Le rapport note également que certaines communes ont
réalisé en 1997 et 1998 des aménagements pour favoriser
l'implantation d'entreprises dans leur ZFU, qui commencent à produire
leurs effets, et dont les résultats ne seront mesurables
qu'ultérieurement.
Concernant le coût des ZFU, il est précisé que
l'augmentation des recettes fiscales, aujourd'hui compensée par l'Etat,
pourrait également être prise en considération, puisque
" on peut considérer qu'une partie significative des
implantations par créations nettes d'entreprises se maintiendra en ZFU,
y compris après l'extinction du régime de faveur et sera source
de recettes fiscales supplémentaires durables pour les communes
concernées ".
La sortie du dispositif de zone franche
Votre rapporteur se félicite que le gouvernement n'ait pas souhaité remettre en cause l'existence des zones franches et ait assuré que les entreprises bénéficieront des exonérations jusqu'au terme défini par la loi relative à la mise en oeuvre du pacte de relance pour la ville. Le gouvernement multiplie cependant les critiques du dispositif, sans aborder réellement la question de la sortie de celui-ci. Or, pour des entreprises industrielles dont l'implantation nécessite des investissements importants, la question de la sortie du dispositif peut s'avérer déterminante dans leur choix de localisation.

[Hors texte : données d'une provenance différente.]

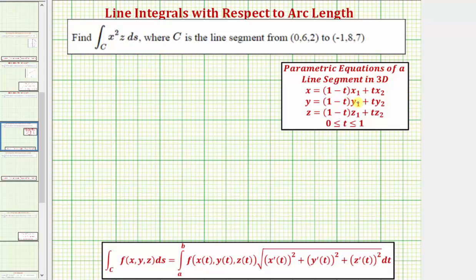Where x₁, y₁, and z₁ would be the coordinates of the first point, and x₂, y₂, z₂ would be the coordinates of the second point. So here we have x₁, y₁, z₁, and x₂, y₂, and z₂. When we define a line segment using these equations, the interval for t will always be the closed interval from zero to one.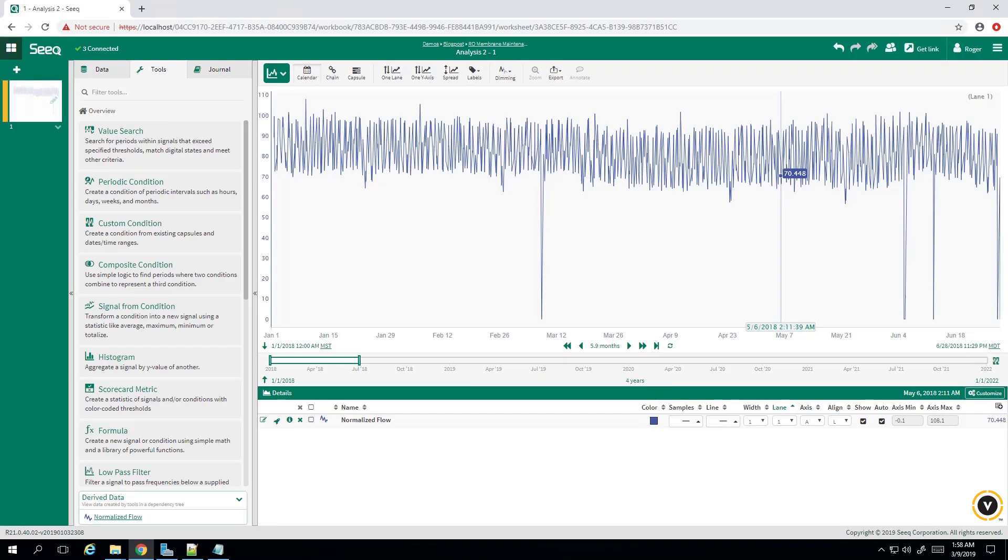Hi everyone. Today we're going to use SICK's workbench software to do predictive maintenance on a reverse osmosis membrane. The goal is to preemptively replace the RO membrane within a predictive maintenance range before estimated material failure.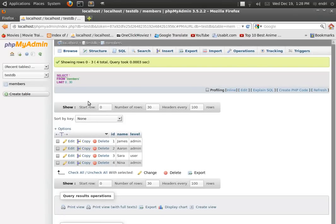Hello everyone, this is Andrey and today I'm going to show you how to filter data from a SQL database table.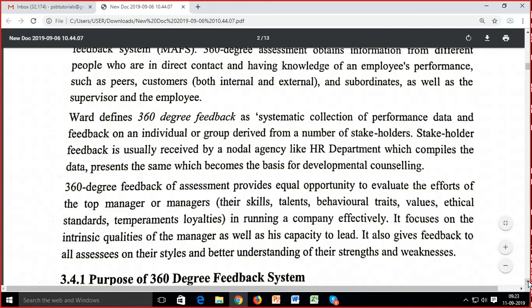360-degree feedback is defined as a systematic collection of performance data and feedback of an individual or group derived from a number of stakeholders. Stakeholder feedback is usually received by a nodal agency like the HR department which compiles the data, and this becomes the basis for developmental counselling. 360-degree feedback provides equal opportunity to evaluate the efforts, skills, talents, behavioural traits, values, ethical standards, temperaments, and loyalty of top managers.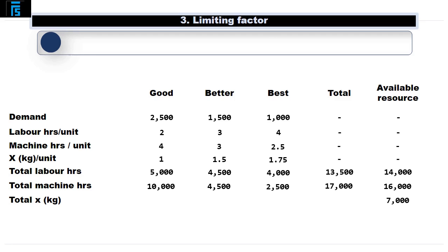For completeness we should also look at material X to ensure that this isn't also a scarce resource. We will need 2,500 kg of X to make 2,500 Goods, 2,250 kg to make 1,500 Betters, and 1,750 kg to make 1,000 Bests. In total we need 6,500 kg, which can be covered by the 7,000 kg we have available. We now know that the only scarce resource is machine hours, so we need to plan our production based on this restriction.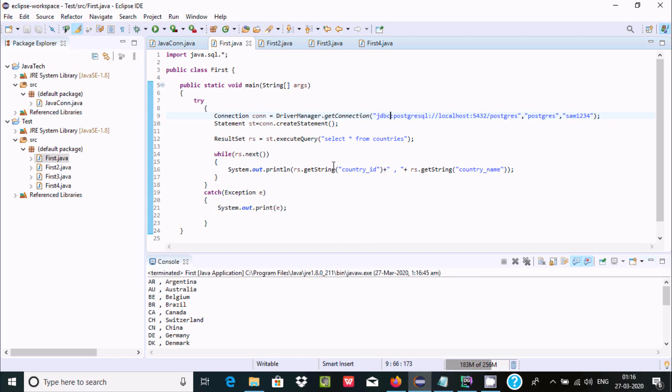So this is the way we can fix no suitable driver in Java. So I hope this video is helpful for you. Now this video is over, so thanks a lot. Thanks for watching. Thank you.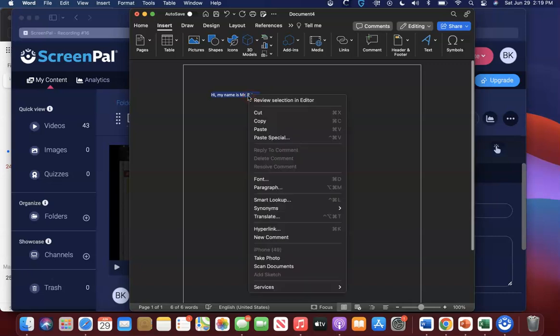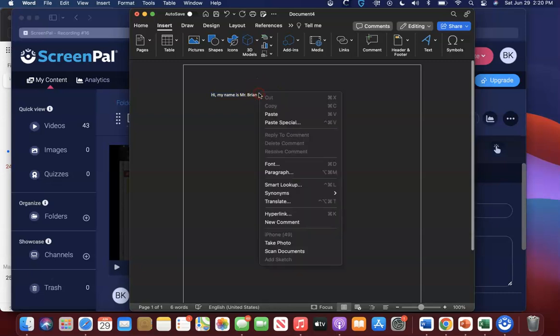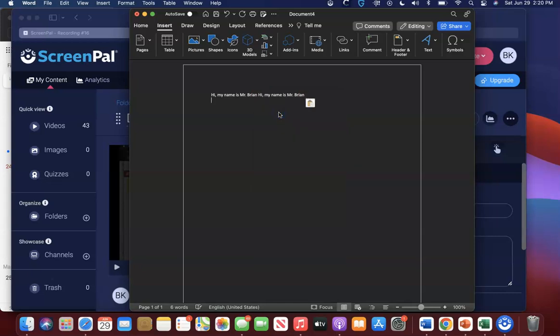And we right-click. It brings up these options here and I'm gonna hit copy. And then when you bring it up again by right-clicking, you hit the paste button and it will copy everything that you highlighted.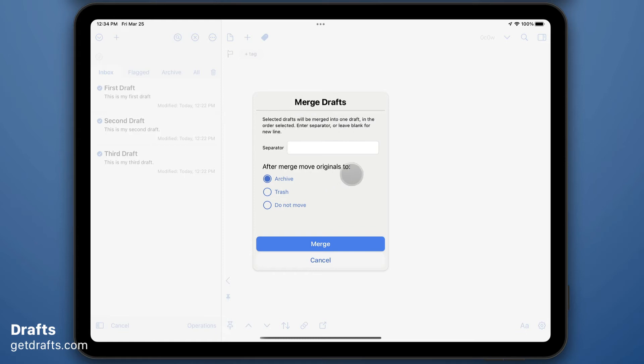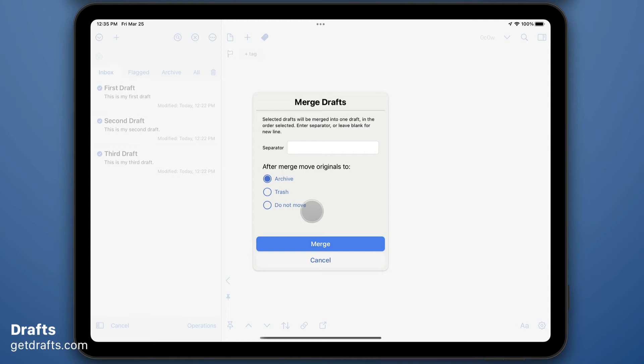There are several options. By default, a line feed will be placed between them, but you could add your own custom separator. And then you can choose to archive, trash, or do not touch the original set of drafts that are being merged.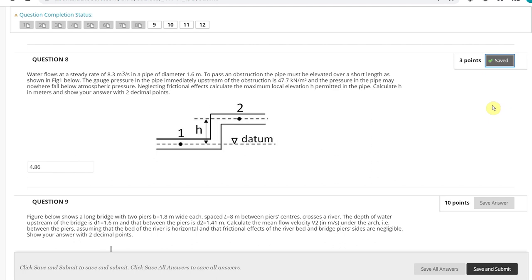The pressure at point 1 is given as 47.7. The pressure at point 2 is unknown, but it says pressure cannot fall below atmospheric; therefore the gauge pressure should not be lower than 0 at point 2 — it should be 0 or positive. Velocity would be constant because the flow rate is constant. My answer is 4.86.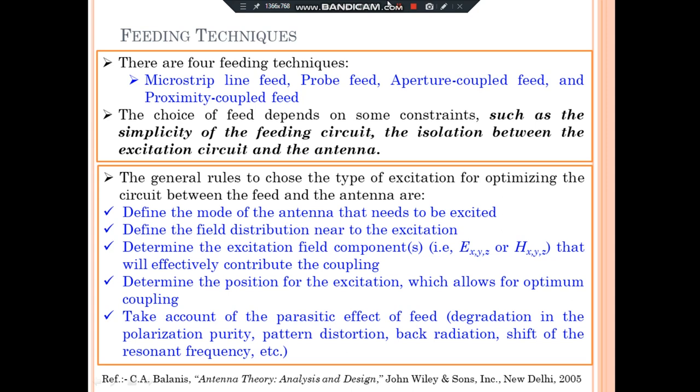The feed choice depends on some important constraints such as simplicity of the feeding circuit and isolation between the excitation circuit and the antenna. There are some design guidelines to know before designing the microstrip antenna: first, define the mode of the antenna that needs to be excited; define the field distribution near to the excitation; determine the electric and magnetic field components of the excitation fields that will effectively contribute to the coupling; and determine the position for excitation which allows optimum matching, considering the effect of parasitics.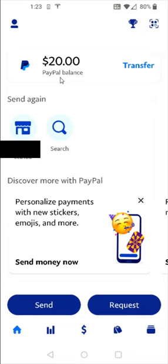I hope this video was helpful walking you through the step-by-step process on how you go about transferring funds from your PayPal app to your bank account. I appreciate you guys stopping by, consider subscribing to the YouTube channel, and I'll see you back here next time.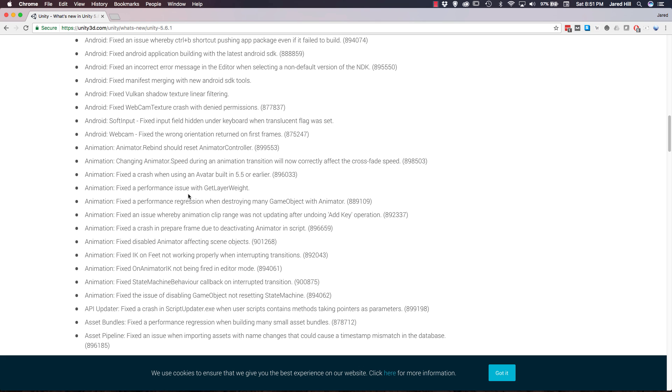A fix was implemented for Android application building with the latest Android SDK. Another crash was fixed when using an avatar built in 5.5 or earlier. Unity also fixed the crash in prepare frame due to deactivating the animator in script. A fix was implemented for performance regression when building many small asset bundles.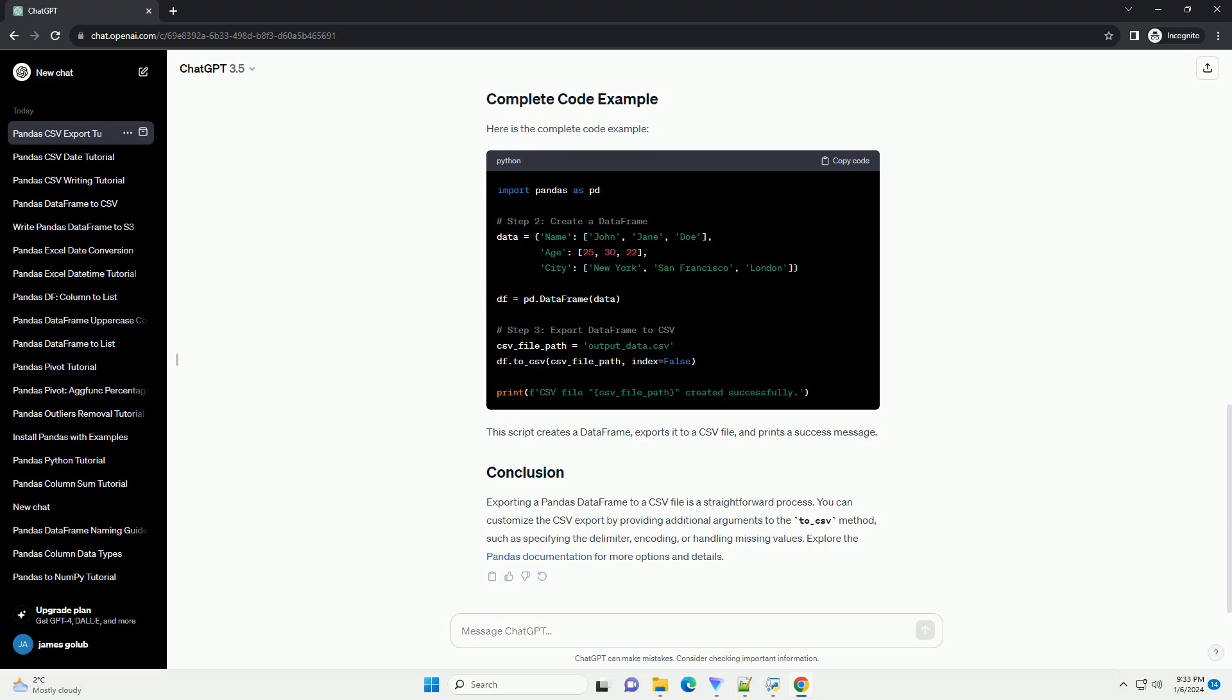Let's start by creating a simple Pandas DataFrame. You can create a DataFrame from a dictionary, list of dictionaries, or other data structures.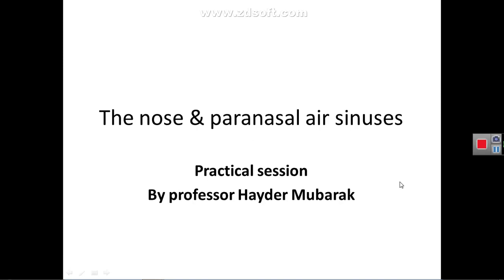Assalamu alaikum. I'm Professor Dr. Haider Jouad Mubarak. This is a practical presentation on practical aspects of the nose and paranasal air sinuses.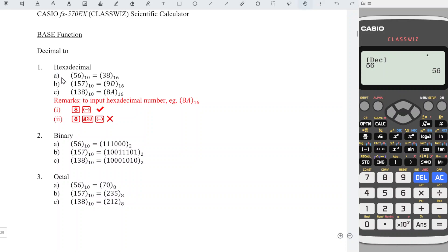If we want to convert to hexadecimal, we just have to press X to the power on top of it. We can see that there is HEX, which stands for hexadecimal. So we press power.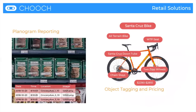Here are retail solutions. On the left-hand side you see planogram reporting — what's on the shelf, what's not on the shelf, what needs to be restocked, and what looks out of place. On the right-hand side you see a bicycle — a product — identifying what the product is, all its attributes, and even pricing the product.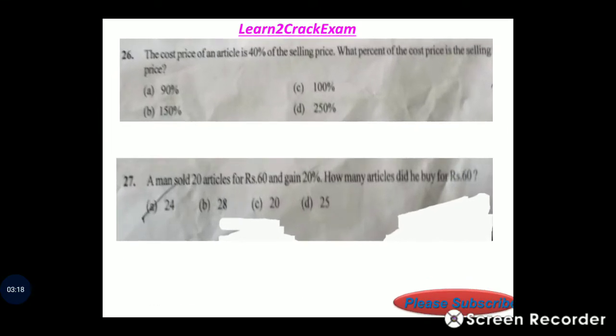Question 26: The cost price of an article is 40 percent of the selling price. What percent of the cost price is the selling price? Answer: option D, 250 percent.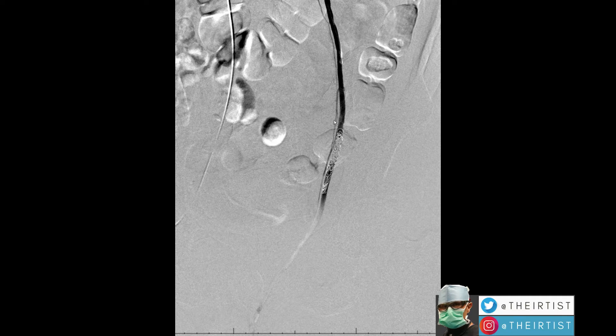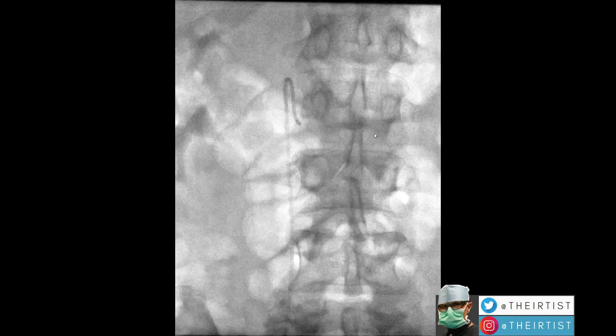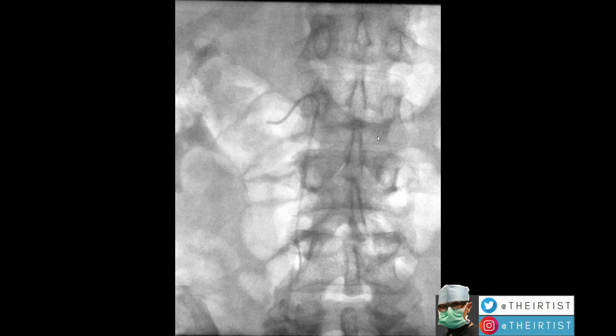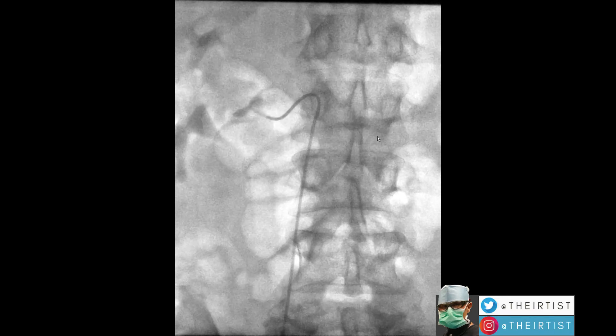It may become a potential source of recurrence, and some people treat it systematically. In this case, there was no need to treat it.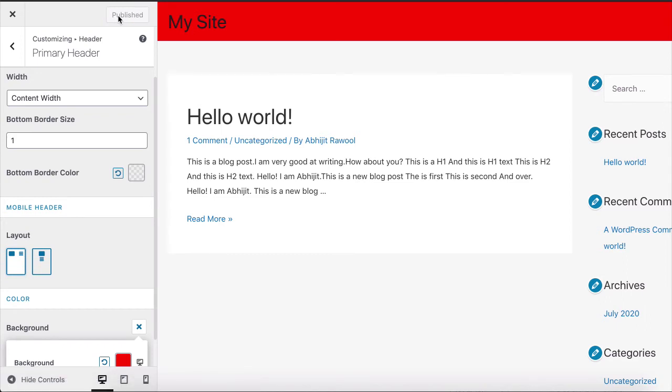And that's it. That is how you can change the header background color in the Astra theme.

Les maires sont unanimes quant à la contribution des zones franches à l'amélioration des conditions de vie dans leur commune
Les
effets d'aubaine sont le propre de tout dispositif d'incitation fiscale
.
Selon les maires des communes où sont implantées les zones
franches, les cas de fraude mis en exergue par le rapport
présenté au Parlement constituent des cas isolés qui sont
en général rapidement identifiés. Les maires soulignent en
effet l'efficacité des contrôles de l'URSSAF et la vigilance des
communes qui souhaitent recueillir les bénéfices des
implantations d'entreprises, et n'ont donc aucun intérêt à
tolérer des situation de fraude ou de détournement du dispositif.
Les maires insistent également sur les conséquences positives de
la zone franche sur le désenclavement des quartiers, l'environnement
urbain, et l'image du quartier défavorisé.